Cheaper gas brings relief
Louisiana’s gasoline prices have fallen 25 cents in the last month and now sit at an average of $3.15 for a gallon of regular, the best prices since late December, according to AAA.
“It definitely makes a difference,” said Rhonda Aucoin, who was filling up at the B-Quik on Perkins Road Wednesday. “It was $60 to fill up the tank. Now it’s $44.”
GasBuddy.com, an online price-tracking community, and AAA’s Fuel Price Finder list three area stations selling regular for $3 a gallon: the Texaco at 6945 Florida Blvd., Sherwood Discount Mart at 2564 N. Sherwood Blvd., and One Stop Food Market at 7144 Greenwell Springs Road.
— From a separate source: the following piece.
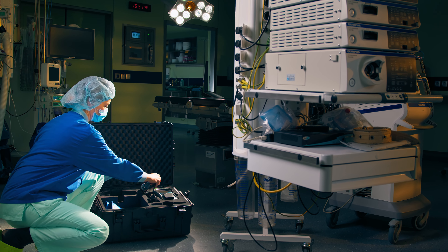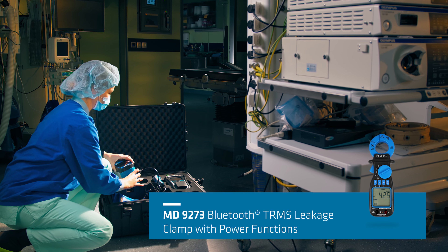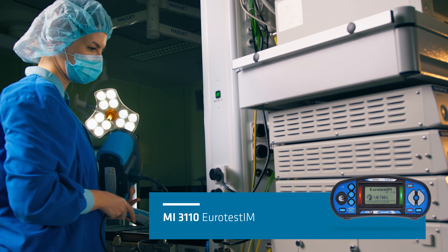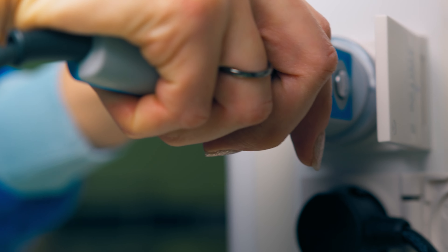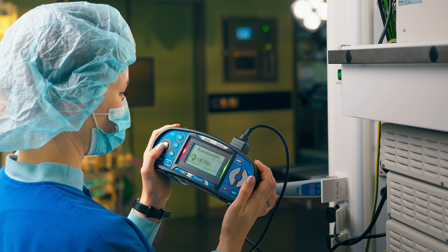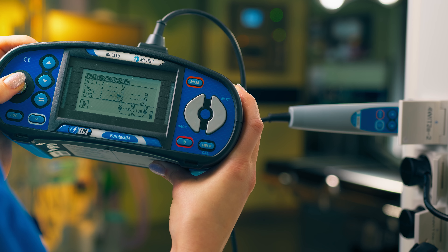We have designed a testing kit that consists of the MD9273 leakage clamp meter and the MI3110 Eurotest IM. Hospital operating rooms are equipped with many complex electronic devices and require more comprehensive electrical safety testing of their electrical installations.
The price drop is being seen throughout the United States, according to AAA, a travel, insurance and automotive assistance not-for-profit. Nationally, the average price for a gallon of regular self-serve gasoline has dipped to $3.41; in the Baton Rouge metro area, it’s $3.14.
Motorists are benefitting from global economic conditions, including the European debt crisis; a slowdown in large, emerging markets such as Brazil, China and India; and concerns that the fighting in Syria could spread to neighboring countries and potentially disrupt the supply of oil, according to AAA. Those developments continue to lower the demand for oil worldwide.
Last week, the benchmark price for crude oil fell to less than $80 a barrel and prices remain around that level.
Meanwhile, the dollar remains relatively strong in relation to other currencies, which helps reduce oil prices in the United States, according to AAA. Last week, the Federal Reserve Board of Governors decided against increasing the money supply and lowered the short and medium-term projections of both inflation and economic growth. Both moves strengthened the dollar.
Cynthia Green, a self-employed Baton Rouge cook, estimates she spends $100 a week on gasoline, so the price matters to her.
Green’s fuel costs have gone down significantly since 2008, when gas prices soared to $4 a gallon. The difference can be as much as $25 a tank, she said.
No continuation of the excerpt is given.